Berlin’s vegan bad boy cum celebrity cookbook author has started selling his meatless burgers on Kottbusser Tor’s fast food strip.
It’s hard to know where to start with a place like Attila Hildmann. The fact that something new has set up shop in the never quiet yet seemingly financially cursed southern-most end of Kotti’s Adalbertstraße or that it’s a restaurant opened by the vegan chef known as controversial to your German friends. Yes, a vegan chef is controversial, even among Berliners. In 2017, tip named him its most embarrassing Berliner for taking the challenge to eat a steak if the journalists present at his tasting weren’t convinced of the superiority of his meatless burgers. When some preferred real meat, instead of eating the steak, he presented a live calf that the journalists were supposed to slaughter themselves (none of them decided to draw blood). That same year, the born and bred Berliner caused a scandal for banning the entire staff of Tagesspiegel newspaper after receiving negative press (he has since retracted that). And in March, he was arrested in Charlottenburg after a parking citation escalated with the police. Parking rules don’t seem to concern him much: in May his Porsche was spotted on the sidewalk underneath the Kreuzberg Zentrum, about 50 metres away from his burger joint.

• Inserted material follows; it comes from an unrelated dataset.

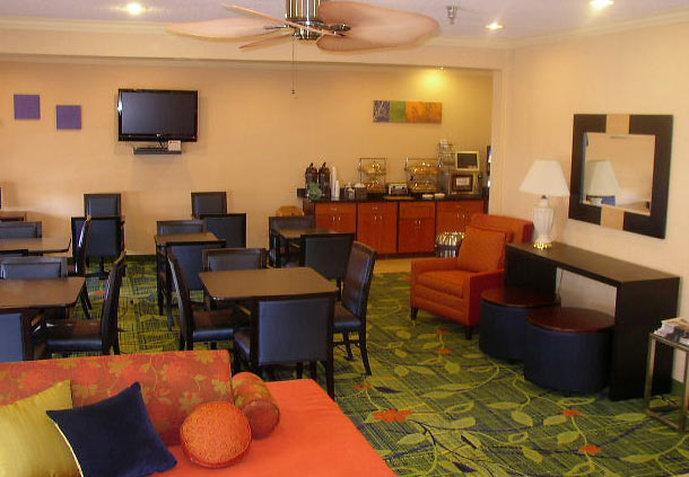 Dubuque Inn & Suites Ngoại thất bức ảnh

Everything about Attila seems like the stuff of fiction. This adopted Turkish child of very German parents (his middle name is Klaus-Peter) once studied physics at Freie Universität. It was watching the sudden death of his dad by heart-attack on a ski vacation in 2000 that put him on a different, meat-free trajectory. He slowly took on a vegan diet and doing sport, losing 35 kilos in the process. He published his first vegan cookbook in 2009 and an award-winning follow-up, Vegan for Fun, in 2011. But it was Hildmann’s tough-guy persona-meets-trendy diet promoter that catapulted him to YouTube and soon German TV stardom (including RTL show Let’s Dance), all the way stirring controversy, like with questionable comments about the refugee crisis in 2015 (something about “integration” and “self-mutilation of German values and culture”). That was about the time he launched his Attila matcha-tea!

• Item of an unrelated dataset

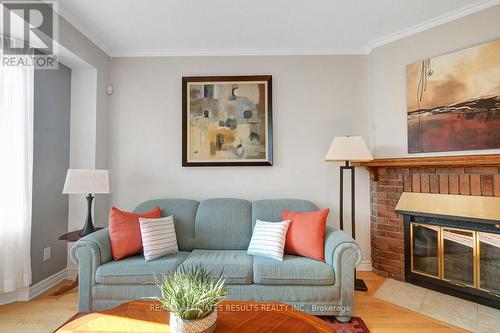 68 Pheasant Run Drive, Ottawa, ON - Indoor Photo Showing Living Room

But what’s not controversial? Organic vegan food in Kreuzberg – following up his Imbiss in Charlottenburg and ironically taking over the spot that was shortly before known as Chickenberg (and a thousand other businesses). The try-hard design of “Snackbar II” with “Vegan Food Porn” scrawled in fake graffiti outside isn’t exactly doing itself any favours (or drawing in the Instagram crowd) but who cares? Once drawn in, it’s easy to drop your concerns and call it a guilty pleasure. The staff are friendly young lads and ladies in black and the menu is the right amount of simple, with only eight burgers on offer, and of course sides like their perfectly crispy Bio Pommes (regular or sweet) and drinks. Most interesting is undoubtedly the Daisho burger (€6.90), a sushi-inspired concoction of fried eggplant, bean sprouts, pineapple, mushrooms, fresh coriander, wasabi mayo, Thai ketchup and a chickpea patty between two sushi rice-formed buns and some seaweed. We can’t deny: it was delicious. The right mix of sweet and savoury, it went down in mere minutes, but did leave us less than full. For a less fun but more filling option, we recommend the signature (vegan) cheeseburger (€6.50): with the dense chickpea patty standing alone with vegan cheese and the standard mustard/mayo/ketchup/lettuce/tomato combo, it’s the perfect cure for a hungover. The real winner though was as American as it comes: the chili cheese burger (mild or spicy; €7.50). Perfectly sloppy, the black beans, guacamole, mayo, cilantro, creamy melted cheese and chickpea patty on a standard bun actually wasn’t as sloppy as its state-side counterpart, but still left us totally satisfied. Here, the wait time can be described as negligible, perfect for guilt-free junk food on the fly that fills the stomach while not weighing on the soul. We’re not certain if the moderate number of customers is due to its aforementioned cursed location or that your German friends are staying away because of the man’s reputation. Either way, it’s hard to deny that fast and easy vegan food without pretense is hard to beat. Sober or sozzled, we’ll come back.